Schematic representation of the working protocol. A total of 1,100 saline fecal suspensions were cultured in both MacConkey plates supplemented with 4 μg/ml of ceftazidime (MCK-CAZ) and Luria-Bertani broth with 1 μg/ml of imipenem (LB-IMP). Positive tubes of LB-IMP were subcultured in MCK-CAZ plates, and colonies from both media were tested for carbapenemase production (see Materials and Methods for further details).
All colonies were screened for carbapenemase production using the modified Hodge test (9). The positive ones were screened for MBL, KPC, or OXA-48 carbapenemase production. MBL production was assessed using the double-disk synergy test (MBL-DDST) consisting of imipenem (10 μg) and ceftazidime (30 μg) disks placed 20 mm (center to center) from a disk containing 1.9 mg of EDTA (31, 38). Enhancement of the inhibition zone in the area between the imipenem or ceftazidime disk and the EDTA disk was considered a positive result for MBL. KPC production was inferred by the increase in the inhibition zone of a meropenem disk compared with that of a meropenem disk supplemented with 0.3 mg of boronic acid (12). Presence of OXA-48 enzyme was searched for by PCR (see below). Phenotypic detection of ESBL was inferred by the ESBL-DDST using cefotaxime (30 μg), ceftazidime (30 μg), and amoxicillin-clavulanate (20 to 10 μg) disks (2).
In order to assess the sensitivity of the screening protocol, the detection limit (CFU/ml) was determined using CPE strains that had been characterized previously and that were representative of strains producing VIM-1 (Klebsiella pneumoniae and Enterobacter cloacae) (31), NDM-1 (K. pneumoniae NTCT 13443 strain), KPC-2 (Escherichia coli) and KPC-3 (K. pneumoniae) (reference 10 and this study), and OXA-48 (E. coli, kindly supplied by Patrice Nordmann, and E. cloacae, kindly supplied by Manuel Rodríguez-Iglesias and Luis Martinez-Martinez), as well as the susceptible reference strain E. coli ATCC 25922.
Serial dilutions (10−1, 10−2, 10−3, and 10−4) of a starting inoculum of ∼1 × 109 CFU/ml of each strain were made in 3 ml of saline and thoroughly mixed with one full planting loop of a fecal sample from a healthy volunteer negative for CPE. After an hour, 100 μl of each dilution was cultured on selective medium by using the protocol described above.

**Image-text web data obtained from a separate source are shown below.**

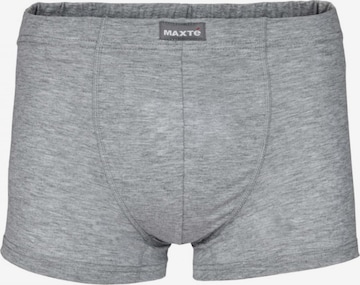 Maxte Boxershorts 'BASIC MAX Boxershorts 5er Pack' in Grau: Vorderseite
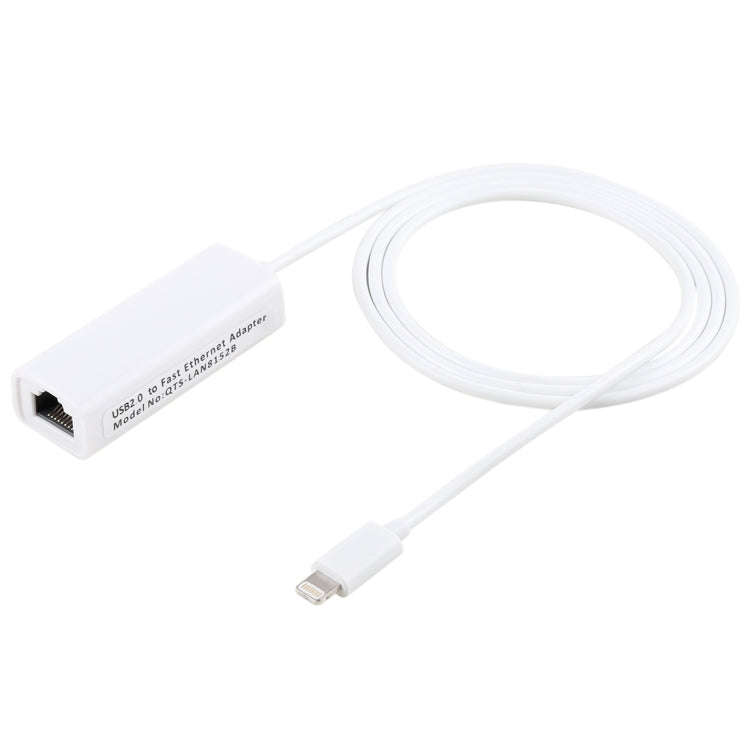 QTS-LAN8152B 1m 8-Pin-zu-RJ45 Ethernet LAN Netzwerkadapterkabel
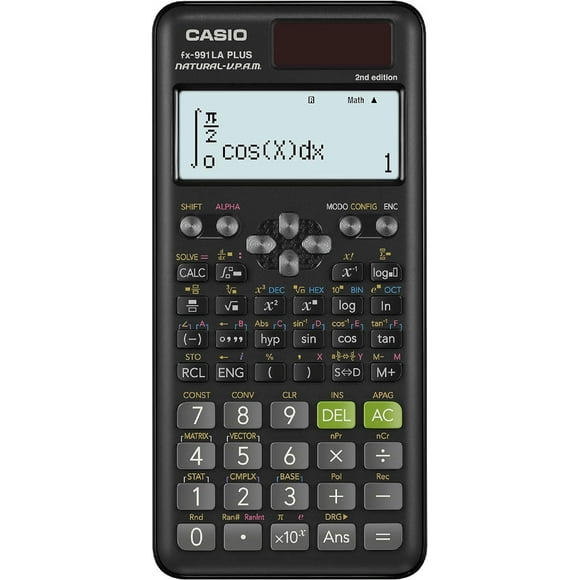 Calculadora Cientifica Casio Fx-911LA Plus 2da Edicion Español 417 Funciones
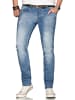 Alessandro Salvarini Jeans A. Salvarini Herren Jeans Blau Multi AS080-AS086 in Hellblau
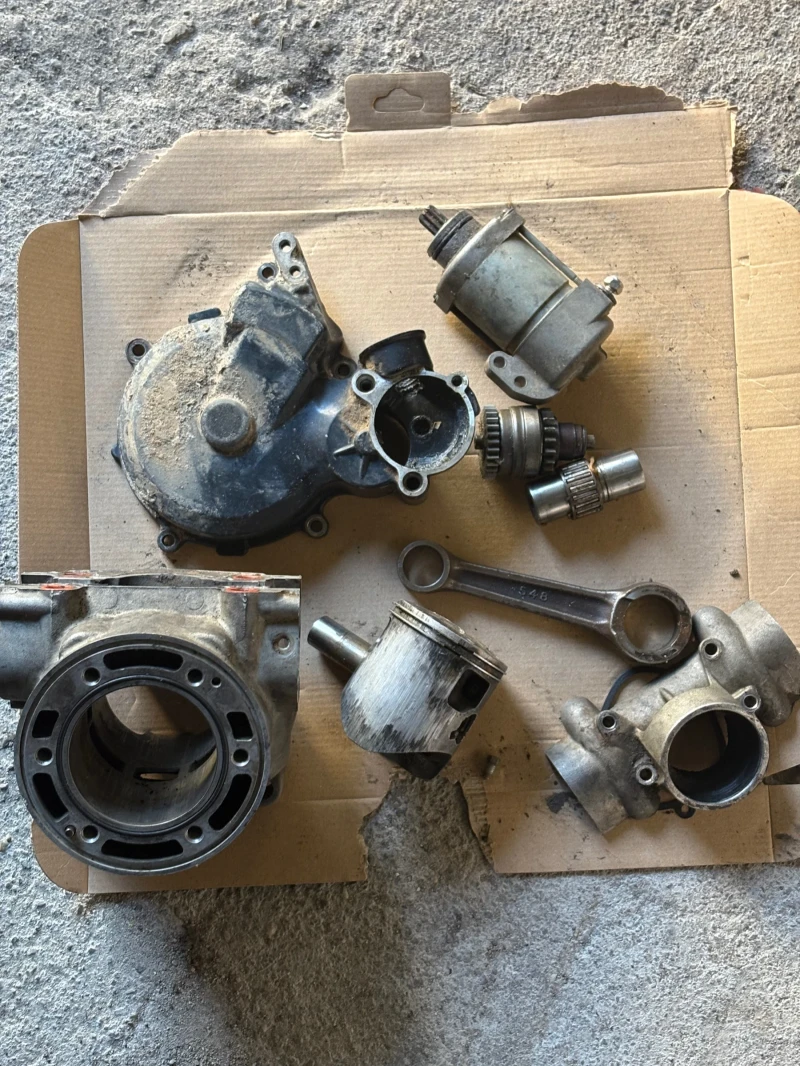 Ktm EXC, снимка 9 - Мотоциклети и мототехника - 51861791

The detection rate was calculated as the proportion of number of colonies of each strain growing on MacConkey-ceftazidime plates versus the initial inoculum size.
Susceptibility testing.
Antibiotic susceptibility testing was performed using the WIDER system (Fco. Soria-Melguizo). Carbapenem susceptibility was also performed by Etest (bioMérieux, Marcy l'Etoile, France), and results were interpreted according to EUCAST criteria (http://www.eucast.org).
Clonal relatedness.
Clonal relatedness was established by pulsed-field gel electrophoresis (PFGE) of XbaI (New England BioLabs, Inc.) digested genomic DNA (34). Multilocus sequencing typing (MLST) was also performed in K. pneumoniae (http://www.pasteur.fr/recherche/genopole/PF8/mlst/Kpneumoniae.html) and Escherichia coli (http://www.mlst.net) isolates. Clonal relatedness between the isolates recovered in this study and CPE isolates recovered in clinical samples from patients involved in the contemporary outbreaks due to MBL or KPC producing isolates in our institution was analyzed (10, 31).
Characterization of bla genes and analysis of the genetic environment of MBL genes.
Genes encoding carbapenemases (blaVIM, blaIMP, blaSPM, blaGES, and blaKPC) and ESBLs (blaTEM, blaSHV, and blaCTX-M) were sought by PCR using previously described primers and conditions and sequenced further (22, 31). blaNDM was detected by using primers NDM1-F (5′-AAGCTGAGCACCGCATTA-3′, positions 3186 to 3169) and NDM1-R (5′-GCTCATCACGATCATGCT-3′, positions 2473 to 2490), designed according to the sequence of the blaNDM-1 gene in the GenBank database under accession no. FN396876. For blaOXA-48, primers OXA-48-F (5′-GTGGCATCGATTATCGGAAT-3′, positions 2221 to 2240) and OXA-48-R (5′-AGCCCTAAACCATCCGATGT-3′, positions 2933 to 2914), designed according to the sequence of the blaOXA-48 gene in the GenBank database, under accession no. AY236073 were used. Characterization of class 1 integrons containing blaMBL was performed by PCR, sequencing, comparison of the restriction fragment length polymorphism (RFLP) patterns obtained by PCR, and further digestion with AluI enzyme. DNA of each integron showing a distinct RFLP type was sequenced using specific primers as previously described (33).
Transferability and location of blaMBL genes.
Mating experiments were performed using E. coli strain BM21, which is nalidixic acid and rifampin resistant, lactose fermentation positive, and plasmid free, as the recipient (2, 31). Transconjugants were selected on Luria-Bertani agar plates containing ceftazidime (4 mg/liter) and rifampin (300 mg/liter) and were incubated at 37°C for 24 h. Plasmid location of carbapenemase gene was assessed by hybridization of S1-digested genomic DNA with bla gene probes (15). Transfer and hybridization were performed by standard procedures. Labeling and detection were conducted by using a commercial AlkPhos kit (Amersham Life Sciences, Uppsala, Sweden) following the manufacturer's instructions.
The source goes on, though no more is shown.